Author : Ami Fitri Utami, SE., MSM
The first aspect is the threat on new entrants. New player can bring new models, new capacity and new cash flows that can shake up the existing competition. The threat of entry depends on the height of entry barriers and on how strong the existing competition on the industry. Barriers to entry became an advantages that incumbents or old player have over the new entrants. There are seven major source of entry barriers: Supply-side economies of scale, it means that when company produce a larger volumes of products or services it will enjoy a lower costs per unit. Demand side benefits of scale these benefit arise in industries which a buyer’s willingness to pay will increase with other recommendation regarding the products. Customer switching costs it is a cost that buyers face when changing products or suppliers. Capital Requirements. It is the sum amount of capital that have to be invested in order to compete in the industry. Incumbency advantages independent of size, it means that the incumbents will always have cost or quality advantages over new entrants regarding the size of the incumbents. Unequal access to distribution channels, new entrants have to secure distribution of its product, meanwhile when distribution channel is limited they have to replace the existing player first. Restrictive government policy, government policy can play a significant role to entry barriers through regulation and policy.
The second force is power of suppliers, when suppliers have the capability to direct the price quantity and so on it means that they can squeeze the profitability out of an industry. A supplier group is superior if : it is more concentrated than the industry it sell the product to, the supplier doesn’t depend on one industry to create revenue, the industry face a heavy switching cost if they change the suppliers, suppliers produce unique and differentiated products, there is only one supplier that supply certain products, supplier have the ability to integrate forward into the industry.

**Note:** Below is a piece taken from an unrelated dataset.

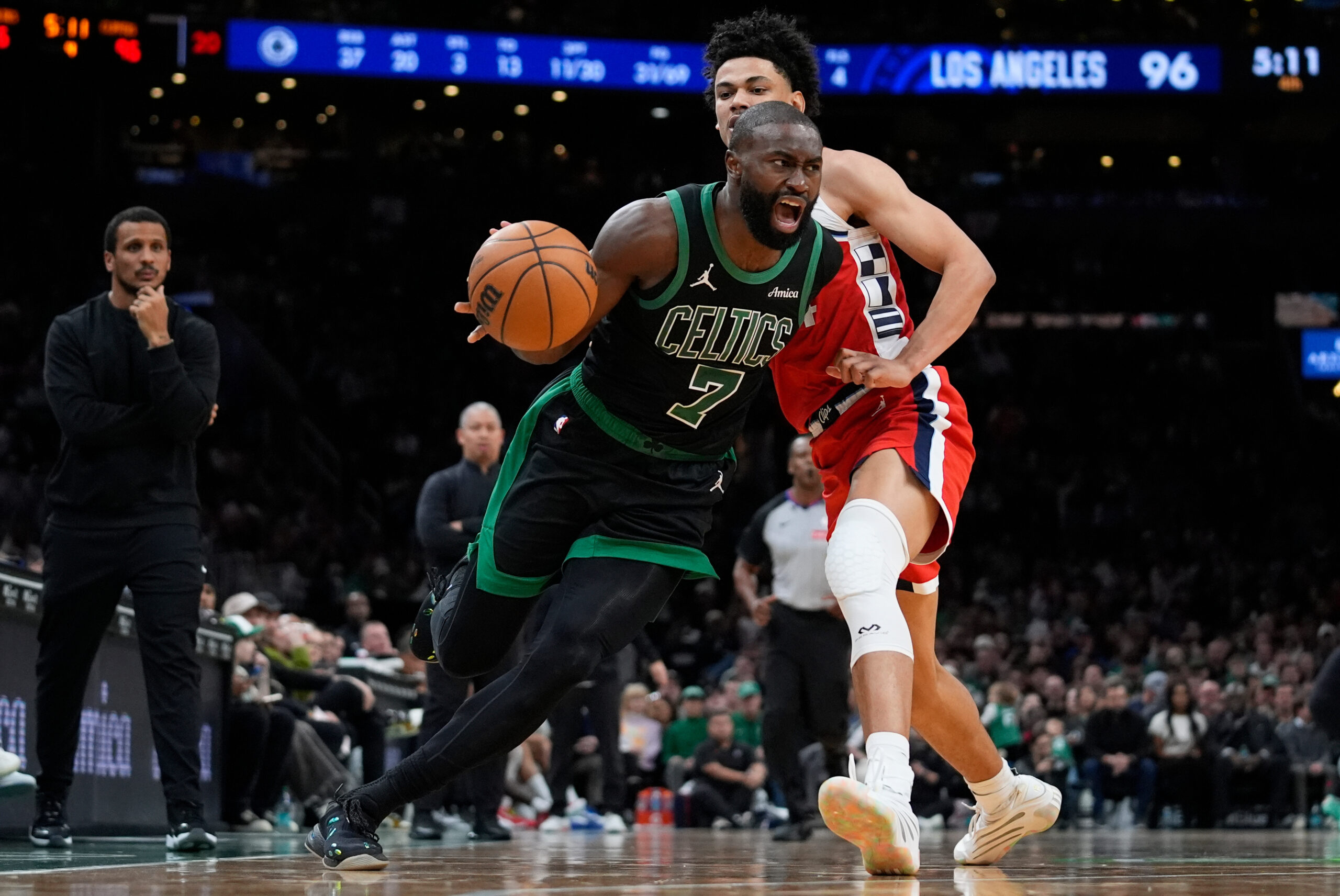 Boston Celtics guard Jaylen Brown, front, drives by Clippers guard...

Other than suppliers, buyers that are powerful have the ability to forcing down prices, demanding better quality thus driving up costs, as in supplier’s power there are some criteria for buyer that can make them superior than the industry, customer group has negotiating leverage if : there are only few buyers in the market, the product are similar and standardize, the switching cost is low, the buyers have the capability to integrate backward and produce the product themselves. A buyer group is price sensitive.
Porter, M. E. (2008). The five competitive forces that shape strategy. Harvard business review, 86(1), 25-40.